Joshua Rich's prediction: ''Saw III'' will rip through the holdovers and one smaller new release, extracting big bucks from horror fans leading up to Halloween

Saw III | SEVERANCE PAY ''Saw III'' will get a leg (not to mention arms, teeth, and other detached body parts) up on the competition this weekend
SEVERANCE PAY ''Saw III'' will get a leg (not to mention arms, teeth, and other detached body parts) up on the competition this weekend

The world, I must say, has righted itself in the past week. My box-office-prediction hot streak is back on track. Michigan got past Iowa, held onto its No. 2 ranking, and now has a cakewalk to the big game against Ohio State. And the only major new film release, Lions Gate's Saw III, playing in more than 3,000 venues, will win this weekend in a cakewalk of its own. I mean, really, I can't believe they're paying me for this: If you look up the phrase ''easy peasy'' in the dictionary, you'll see a picture of me holding this forecast column.

So let's take some time to talk about this weekend's foregone conclusion. Even if it were playing opposite big competition, SIII would be the champ; that it's got an open field makes scoring a touchdown even more certain. On this pre-Halloween weekend two years ago, Lions Gate stumbled into a smash franchise when the no-budget Saw debuted with $18.3 mil (en route to a $55.2 mil domestic total). The indie studio then quickly shot a sequel for a mere $4 mil, and that film, Saw II, debuted last October with $31.7 mil. It topped out at $87 mil domestically and was widely identified as one of 2005's most profitable releases, providing a better than 2,000 percent return on the initial investment. I'll tell ya, somebody at Lions Gate should teach a master's class on how to turn a buck in this crazy business.

And while they're at it, a seminar on clever marketing would be in order, too. One huge key to this franchise's success is its unabashed embrace of its hard-R rating. Just look at those advertisements. The poster for SII was one of the most ingenious things ever. It depicted two dirty fingers with shattered fingernails. That's it. Simple. The message was three-fold: (1) this is a sequel; (2) these fingers belong to someone who has been tortured or has been desperately trying to escape from somewhere; (3) if you go to this movie you'll dig your nails into your arm rest so hard that they'll shatter and you'll scream in agony. Brilliant. Audiences knew that they were in for the scare of their lives, and Lions Gate had no qualms about inflicting that pain and taking our money in the process. Honesty like that is hard to come by in this crazy business.

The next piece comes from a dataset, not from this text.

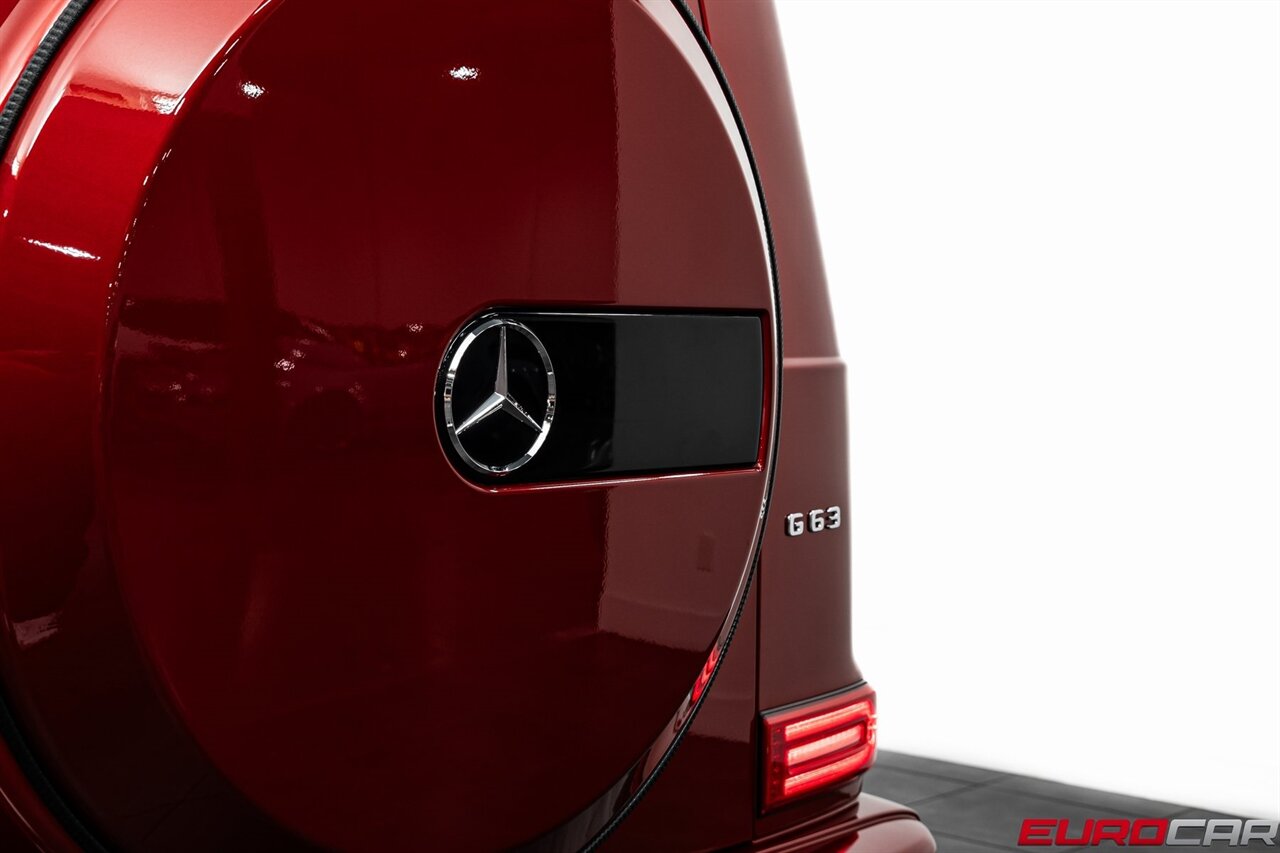 2022 Mercedes-Benz G 63 AMG® *EXCLUSIVE INTERIOR PLUS* - Photo 18 - Costa Mesa, CA 92626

The lesson, of course, is so contrary to what I fear is the conventional wisdom in Hollywood. Audiences don't need to be tricked into seeing movies. In fact, they respond damn well if they're shown exactly what they're about to see. To wit, the poster for SIII shows three extracted teeth dangling from wires. It's another straightforward image that will make people wince … and then buy tickets. Now, the recent underperformance of The Grudge 2 raises a slight cause for alarm that the horror genre is growing tired, I suppose (it has only made $32.1 mil so far). Then again, that also means that SIII has even less competition to worry about. So look for it to bring in a $31 mil gross this weekend.

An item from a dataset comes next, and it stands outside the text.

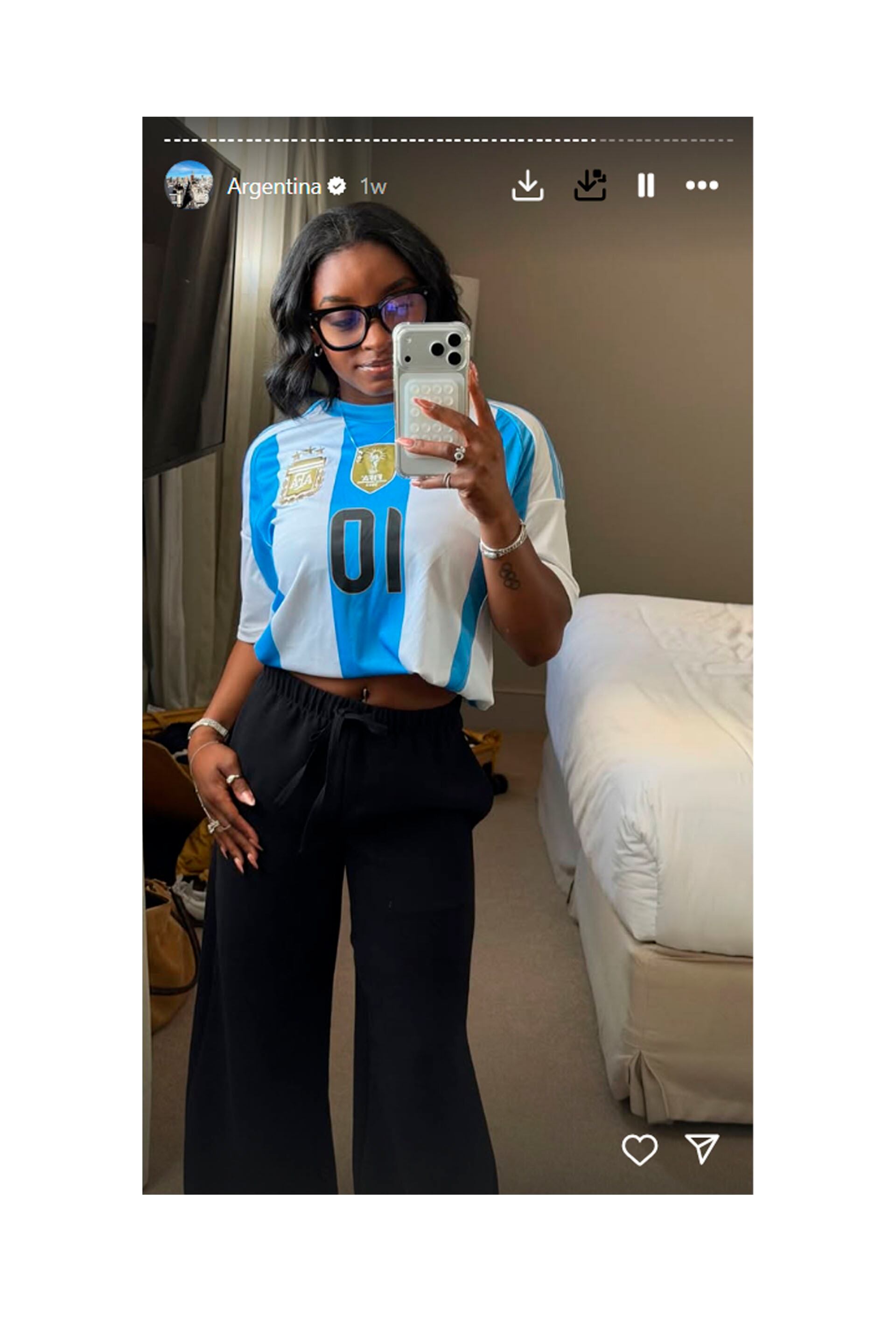 La gimnasta con la camiseta de la selección argentina (@simonebiles)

Scratching and clawing and biting their way to follow-up finishes will be a handful of other contenders, led by Focus Features' new historical action drama Catch a Fire. Set amidst apartheid South Africa, the fact-based film follows a young freedom fighter (Derek Luke) who is trailed by a government agent (Tim Robbins). Directed by Philip Noyce of Jack Ryan movie fame, it has a solid pedigree, sure, but its foreign setting, minimal star power, and moderate theater count (around 1,300), will keep grosses down to about $8 mil. That'll put it behind strong fourth-week player The Departed at $9 mil, but ahead of second-week holdover Flags of Our Fathers at $7 mil.

Okay, so have fun this weekend — and may everybody make it to Sunday with a firm hold on their box-office-prognostication streaks, rankings in the college-football polls, fingernails, and teeth.